More than 1,000 people were surveyed for the poll carried out for Panorama.
It found that 73% of those asked believed that friends or relatives should be able to assist in the suicide of a loved one who is terminally ill.
While there was clear support for assisted suicide for someone who was terminally ill, if - as in the case of Ms Gilderdale's daughter - the illness was not terminal, support for assisted suicide fell to 48%.
Responding to the Panorama poll, Director of Care Not Killing, Dr Peter Saunders, said: "To argue that if you are terminally ill you deserve less protection from the law than do the rest of us is highly discriminatory as well as dangerous.
"Many cases of abuse involving elderly, sick and disabled people occur in the context of so-called 'loving families' and the blanket prohibition of intentional killing or assisting suicide is there to ensure that vulnerable people are not put at risk."
Baroness Finlay, an independent peer who is a professor of palliative medicine, told BBC Radio 4's Today it was "hardly surprising" the Panorama poll had found public support for assisted suicide because "opinion polls reflect the way something is presented in the media".
ASSISTED SUICIDE LAWS
The 1961 Suicide Act makes it an offence to aid, abet, counsel or procure a suicide or a suicide attempt in England and Wales
Anyone doing so could potentially face 14 years in prison
Law Lords recently issued new guidelines to clarify this law, spelling out the range of factors that will be taken into account when deciding on cases
The law is almost identical in Northern Ireland
There is no specific law on assisted suicide in Scotland, although someone could be prosecuted under homicide legislation
She said licensing assisted suicide would be a "very dangerous step" because it would remove protection and "suck all sorts of people in".

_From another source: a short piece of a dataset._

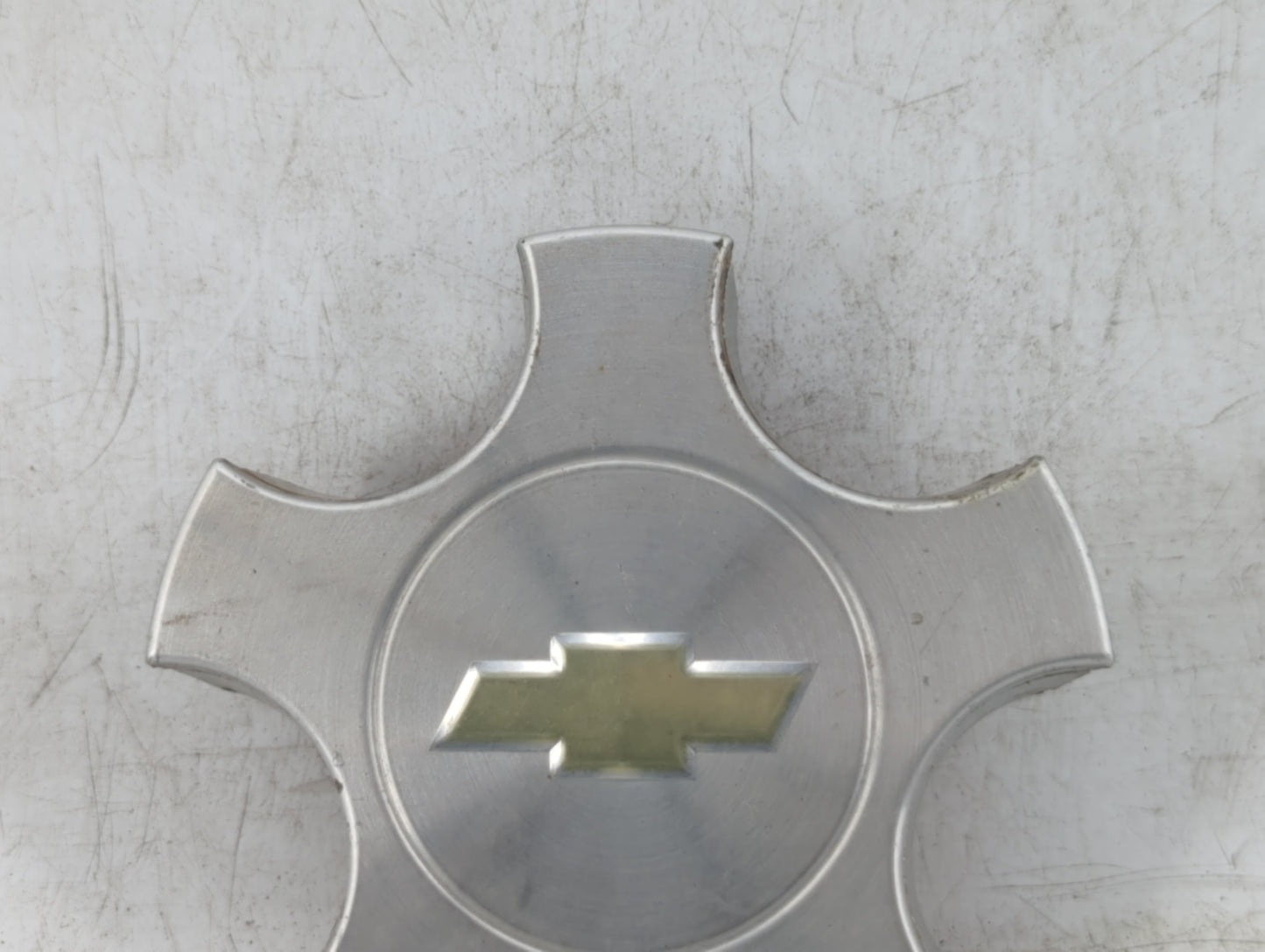 2009 Chevrolet Equinox Rim Wheel Center Cap - Oemusedautoparts1.com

"Look at what happened in other countries, for instance in Oregon - the number of assisted suicides has gone up fourfold - if that is translated to Britain, we are not talking about a small number, we are talking about a thousand a year," she said.
Baroness Finlay said people had good days and bad days and changed their mind about assisted suicide.
"If you give someone a licence at one point of time, you don't know what will happen after that, there is scope for all kinds of things to happen, like coercion," she said.
If the UK "ever went down that road" it was important legislation fell under the Ministry of Justice, not the Department of Health," she added.
"The difficulty is, if healthcare is part of it, you are actually getting doctors to take shortcuts in care, and with financial measures that's going to mount."
Lynn Gilderdale was bed-ridden by the age of 15 and was admitted to hospital more than 50 times with a succession of serious illnesses over the next 16 years.
Her mother told Panorama: "I know I did the right thing for Lynn. She's free and at peace where she needed to be. Whatever the consequences, I would do it again."
The survey was carried out earlier this month and the figures are broadly in line with previous surveys.
Last year, the director of public prosecutions issued guidelines on when assisted suicide cases should be taken to court.
But campaigners have said there still needs to be more clarity in the law.